WHAT IS REQUIRED —
Your task is to retype, exactly and only, the lines from the one containing "Corporate wellness gift" to the final line of the entries, leaving out all pictures.

START EXTRACTED DATA

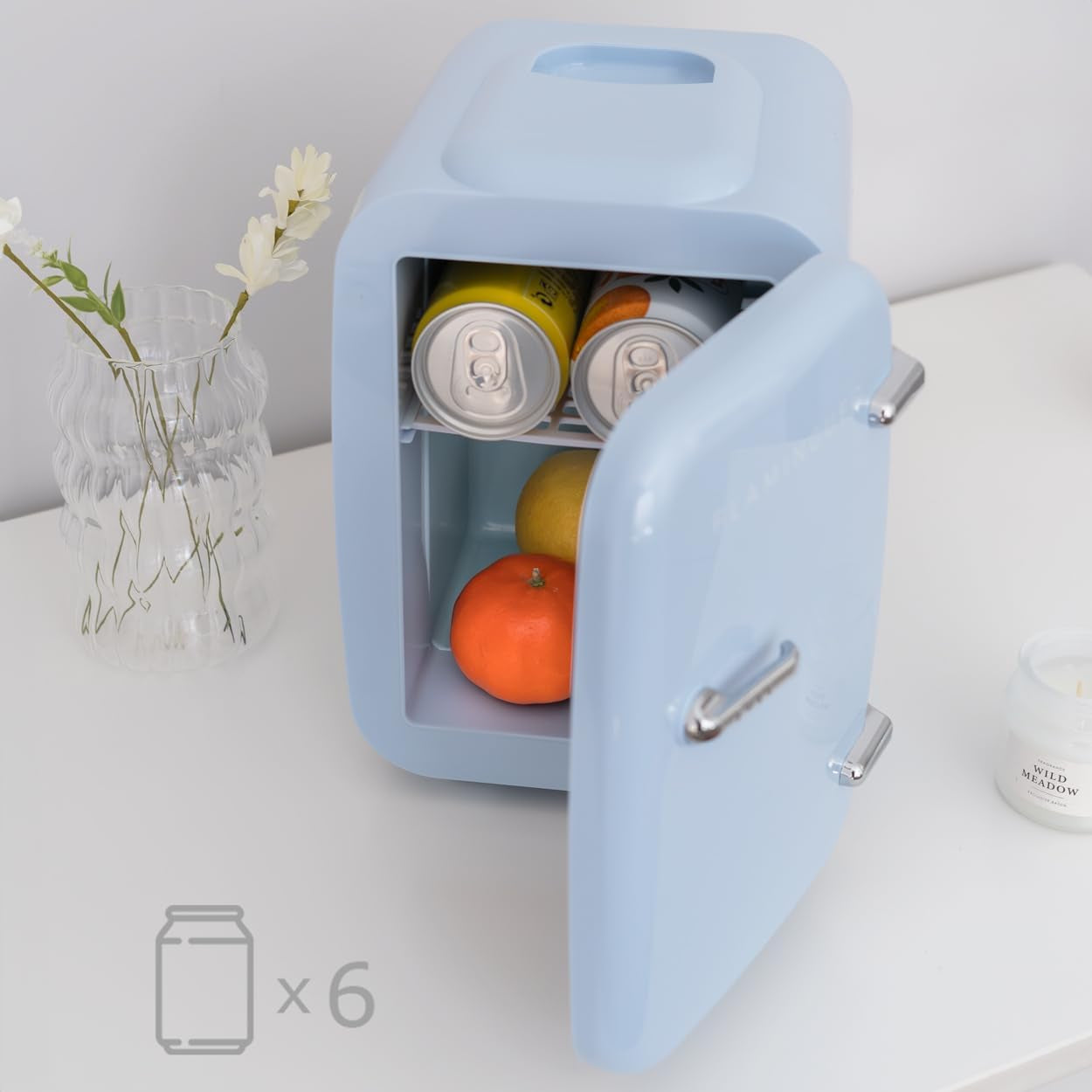 Mini Frigo 4L - Petit Frigo, Mini Frigo De Chambre 12V/220V, Mini Frigo Cosmetique, Fonction Chaud Et Froid, Mini Refrigerateur, Frigo Mini
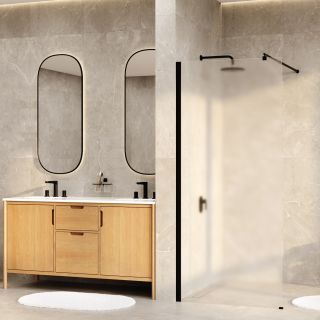 Душевая перегородка WasserKRAFT Rur 30W46MB-MG 110 см профиль чёрный стекло матовое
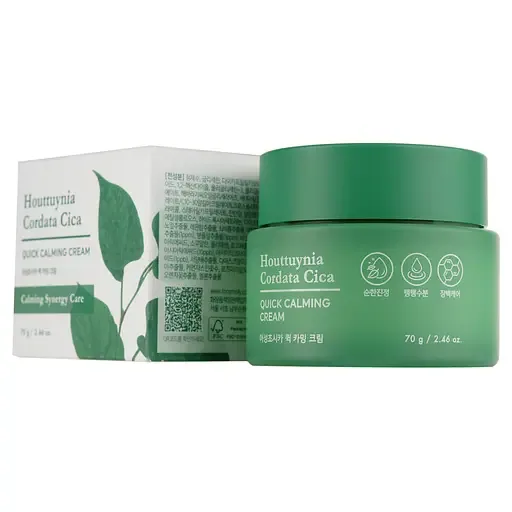 Крем для обличчя Tony Moly Houttuynia Cordata Cica Quick Calming Cream, з екстрактами хаутюнії та центели, 70 г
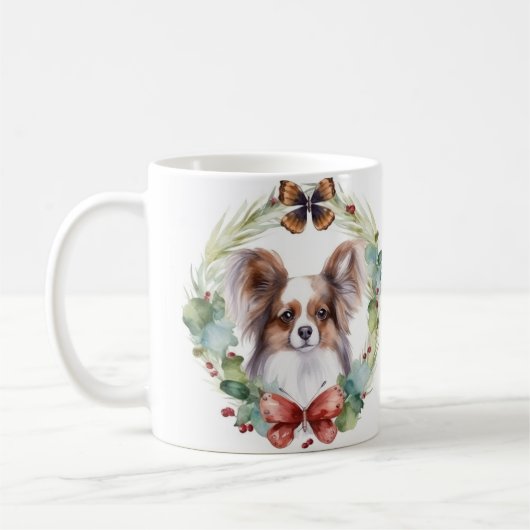 Papillon-Weihnachtskranz Festiver Hund Kaffeetasse (Links)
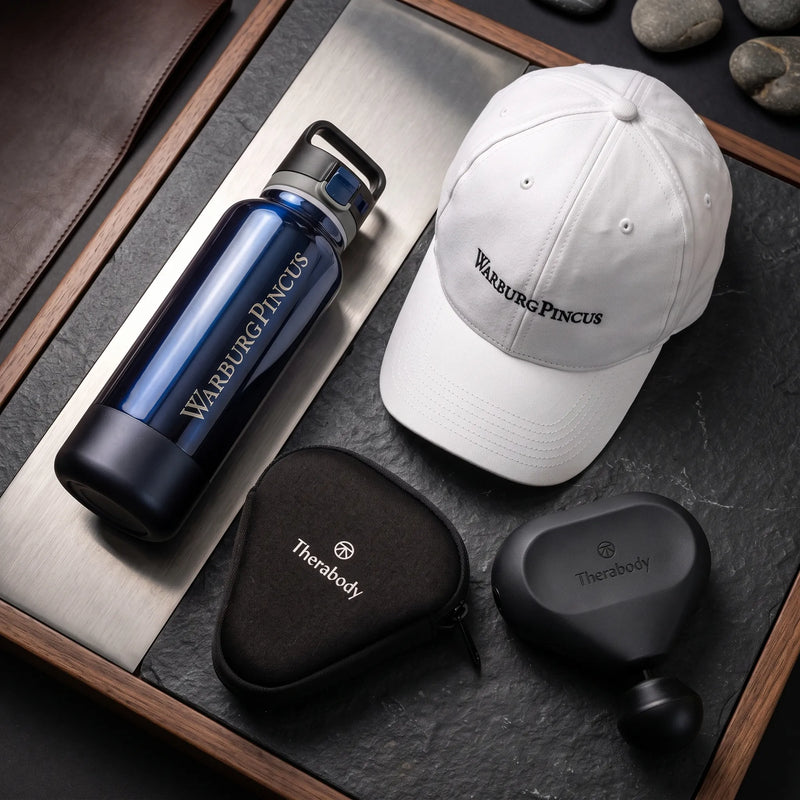 Corporate wellness gift set with engraved bottle and embroidered cap, Singapore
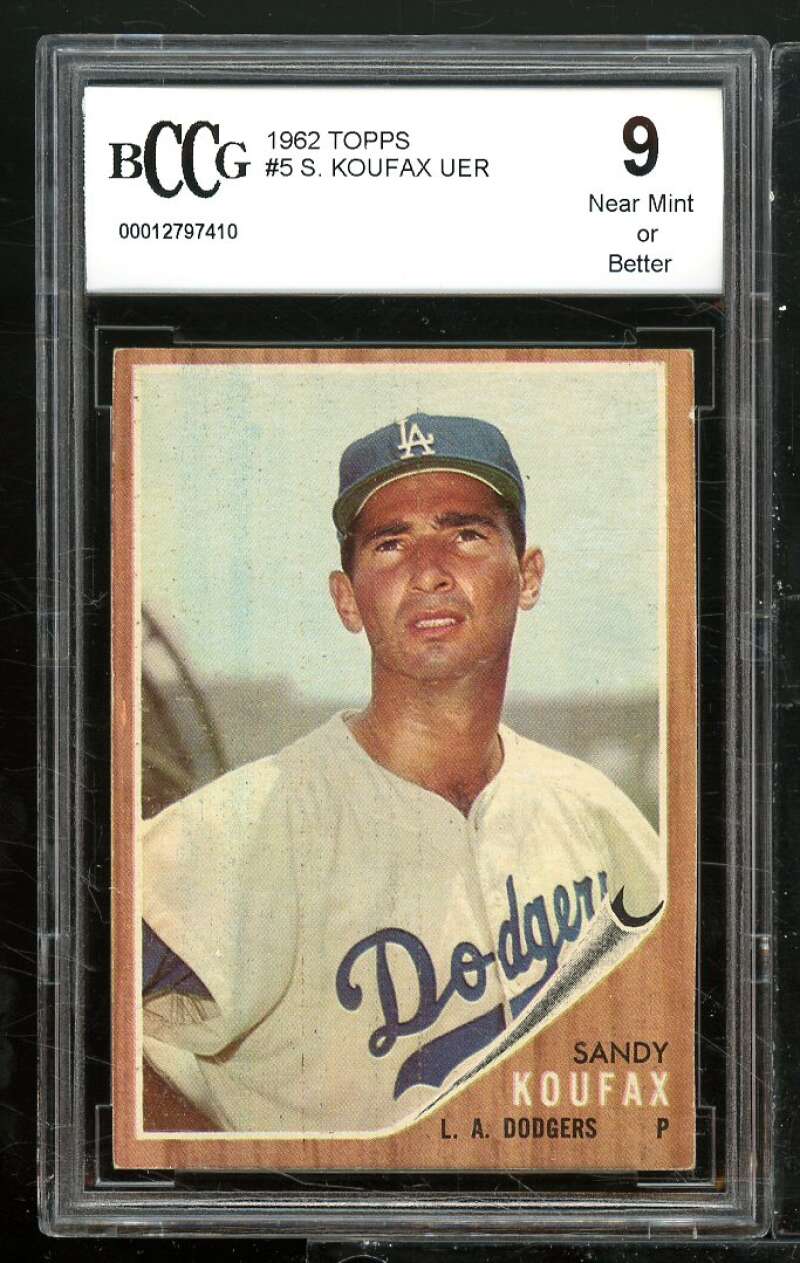 1962 Topps #5 Sandy Koufax Card BGS BCCG 9 Near Mint+ Image 1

END EXTRACTED DATA

THE COMPLETED TASK —
 Corporate wellness gift set with engraved bottle and embroidered cap, Singapore
 1962 Topps #5 Sandy Koufax Card BGS BCCG 9 Near Mint+ Image 1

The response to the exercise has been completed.